The need to prepare for the biodiversity net gain (BNG) requirement is coming into force officially this November. Business development director for Environment Bank, Helen Wyman says, time is of the essence for developers to start planning their BNG strategy now to ensure the financial viability and successful delivery of their projects.
BNG, as mandated under The Environment Act 2021, affects all development projects, with little exception. It is designed to reverse the decline of biodiversity and put back more than is being lost through development.
With the two year transition period coming to a close this November (and no later than 2025 for NSIPs), this regulatory requirement will become mandatory in every Local Planning Authority (LPA) in England, with many LPAs already adopting localised policies. It’s set to revolutionise and restore the natural environment and if utilised in the right way, it can also be an enabler for developers to support sustainable economic growth.
Contrary to popular belief, the government doesn’t want to stand in the way of development at any stage in the process. It recognises a critical housing shortage and understands the challenges faced by the construction sector. However, nature has been in decline for decades and BNG is a demonstrable solution to help prevent further environmental damage.
How can BNG be achieved by developers?
The primary incentive is onsite BNG delivery, however, with The Land Trust recently reporting that 89% of developers believe the availability of land for onsite mitigation to be the biggest challenge, it’s likely that a large proportion of BNG will be delivered offsite.
Onsite involves setting aside developmental land to deliver the habitat creation. On the face of it, this is the most straight forward solution, however the developer then becomes responsible for baseline surveys, habitat creation works and 30-years’ worth of ongoing management and monitoring of the habitat created, not to mention the pressure this can place on the net developable area. They will also need to fund the project and will be legally responsible for the BNG delivery, therefore taking the risk of the scheme failing, which can be challenging in certain areas such as residential.
This is one of the reasons developers are choosing to purchase BNG Units generated from existing offsite Habitat Bank schemes. Delivery partners, such as Environment Bank, are seeing a surge in demand for units, providing an instant solution that removes all the risk and liability. Developers can simply purchase or reserve the required number of BNG Units from them in order to meet their legal obligations.

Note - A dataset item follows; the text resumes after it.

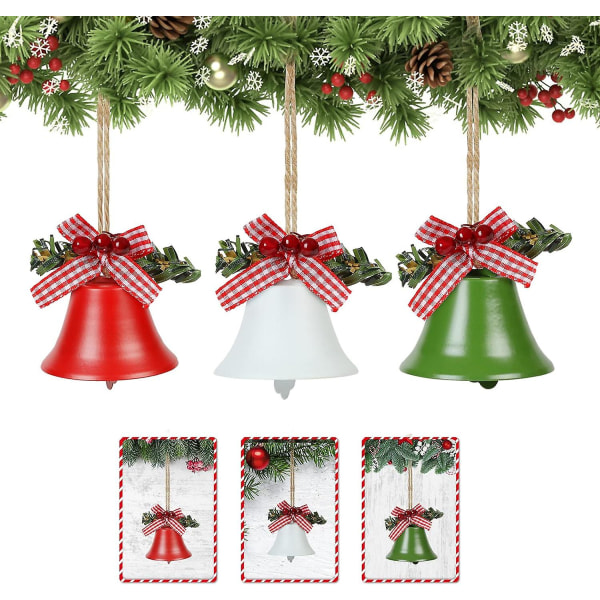 Juleklokker, 6 stykker Metalklokker Juletræsdekoration, Ornamenter Vedhæng Jingle Bells Rød Hvid Grøn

With nationwide availability of BNG Units, Environment Bank can facilitate projects anywhere in the country and can provide costs for their units upfront. This enables developers to engage early in the planning process, across single or multiple projects, with an end-to end solution that provides certainly on costs. It also provides a smooth and cost-effective transition through the mitigation hierarchy, ensures scheme viability, and the effective use of development land.
What is a Habitat Bank?
Habitat Banks are landscape scale nature recovery sites managed for 30 years to create the best outcomes for nature by establishing new habitats such as woodlands, wetlands and species-rich grasslands. Provisions like Habitat Banks deliver immediate solutions, as well as an opportunity for developers to demonstrate how they are playing a key role in nature recovery.
How can developers be helped by Environment Bank?
Working with Environment Bank at the pre-planning stage will help ensure developers can meet the necessary BNG requirements where these cannot be delivered onsite. Environment Banks’ experts work with developers and their ecology consultants to understand site-specific needs – as defined by the Defra BNG metric – and match them exactly through their nationwide network of Habitat Bank sites, each creating residual BNG Units.
Environment Bank and its team of ecologists liaise with and provide all relevant documentation to the appropriate LPA. They are responsible for managing the process, removing the long term burden and taking on all of the risk. They are also legally accountable under planning legislation for the entire term to ensure delivery, monitoring, and reporting on the habitat creation.
This delivers a co-ordinated, efficient, and risk-free solution that meets the needs of the developer as well as the specific requirements of the LPA for the 30 year term.
When should developers start planning their BNG strategy?
Plan now for November 2023. From here, there will be an automatic pre-commencement condition imposed on every single planning permission, which will set out that a biodiversity gain plan must be submitted and approved by a LPA before any development begins.
Simply put, the earlier you engage in your BNG strategy the better. Without it you are putting the financial viability and delivery of your development project at risk.